2.2 The events that have the greatest economic consequences.
# top 20 for damages
print(xtable(as.data.frame(StormSummary3)[1:20, ], digits=0, auto = TRUE, caption='Top 20 events for economic damages'),type='html')

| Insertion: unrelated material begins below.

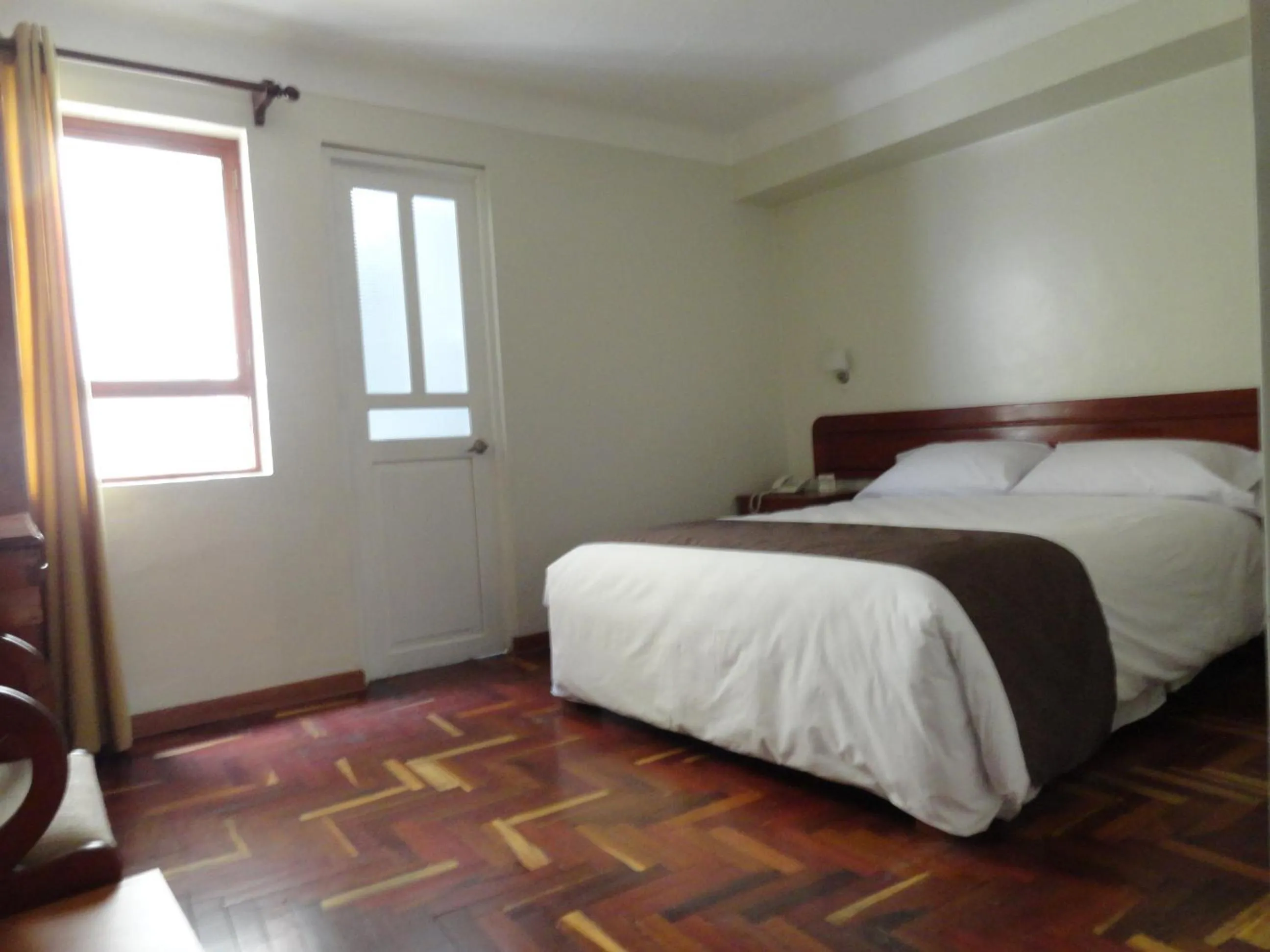 Bed in Emperador Plaza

## Warning in formatC(x = c(5661968450, 2607872800, 414953270, 5000,
## 3025954473, : NAs introduced by coercion to integer range
| EVTYPE | PropDam | PropDam_AVG | CropDam | CropDam_AVG | TotalDamages | TotalDamages_AVG | |
|---|---|---|---|---|---|---|---|
| 1 | FLOOD | 144657709807 | 5711826 | NA | 223563 | 150319678257 | 150319678257 |
| 2 | HURRICANE/TYPHOON | 69305840000 | 787566364 | NA | 29634918 | 71913712800 | 71913712800 |
| 3 | TORNADO | 56947380617 | 938920 | 414953270 | 6842 | 57362333887 | 57362333887 |
| 4 | STORM SURGE | 43323536000 | 165990559 | 5000 | 19 | 43323541000 | 43323541000 |
| 5 | HAIL | 15735267513 | 54511 | NA | 10483 | 18761221986 | 18761221986 |
| 6 | FLASH FLOOD | 16822673979 | 309941 | 1421317100 | 26186 | 18243991079 | 18243991079 |
| 7 | DROUGHT | 1046106000 | 420461 | NA | 5615983 | 15018672000 | 15018672000 |
| 8 | HURRICANE | 11868319010 | 68208730 | NA | 15758103 | 14610229010 | 14610229010 |
| 9 | RIVER FLOOD | 5118945500 | 29589280 | NA | 29072017 | 10148404500 | 10148404500 |
| 10 | ICE STORM | 3944927860 | 1966564 | NA | 2503546 | 8967041360 | 8967041360 |
| 11 | TROPICAL STORM | 7703890550 | 11165059 | 678346000 | 983110 | 8382236550 | 8382236550 |
| 12 | WINTER STORM | 6688497251 | 585017 | 26944000 | 2357 | 6715441251 | 6715441251 |
| 13 | HIGH WIND | 5270046260 | 260738 | 638571300 | 31594 | 5908617560 | 5908617560 |
| 14 | WILDFIRE | 4765114000 | 1725865 | 295472800 | 107017 | 5060586800 | 5060586800 |
| 15 | TSTM WIND | 4484928495 | 20392 | 554007350 | 2519 | 5038935845 | 5038935845 |
| 16 | STORM SURGE/TIDE | 4641188000 | 31359378 | 850000 | 5743 | 4642038000 | 4642038000 |
| 17 | THUNDERSTORM WIND | 3483122472 | 42187 | 414843050 | 5025 | 3897965522 | 3897965522 |
| 18 | HURRICANE OPAL | 3172846000 | 352538444 | 19000000 | 2111111 | 3191846000 | 3191846000 |
| 19 | WILD/FOREST FIRE | 3001829500 | 2060281 | 106796830 | 73299 | 3108626330 | 3108626330 |
| 20 | HEAVY RAIN/SEVERE WEATHER | 2500000000 | 1250000000 | 0 | 0 | 2500000000 | 2500000000 |
# modification for the graph label
levels(StormSummary3$EVTYPE) <- gsub(" ", "\n",levels(StormSummary3$EVTYPE))
# desc order for the graph
StormSummary3$EVTYPE <- factor(StormSummary3$EVTYPE, levels = StormSummary3$EVTYPE[order(StormSummary3$TotalDamages, decreasing=TRUE)])
# graph with damages per event
h <- ggplot(head(as.data.frame(StormSummary3),n=8), aes(EVTYPE, TotalDamages/1000000000))
h+geom_bar(stat='identity')+labs(title="Top weather events for damages (billions of dollars)", x="Event",y="Total Damages (billions of dollars)")
Based on the data, FLOOD have the greatest economic consequences.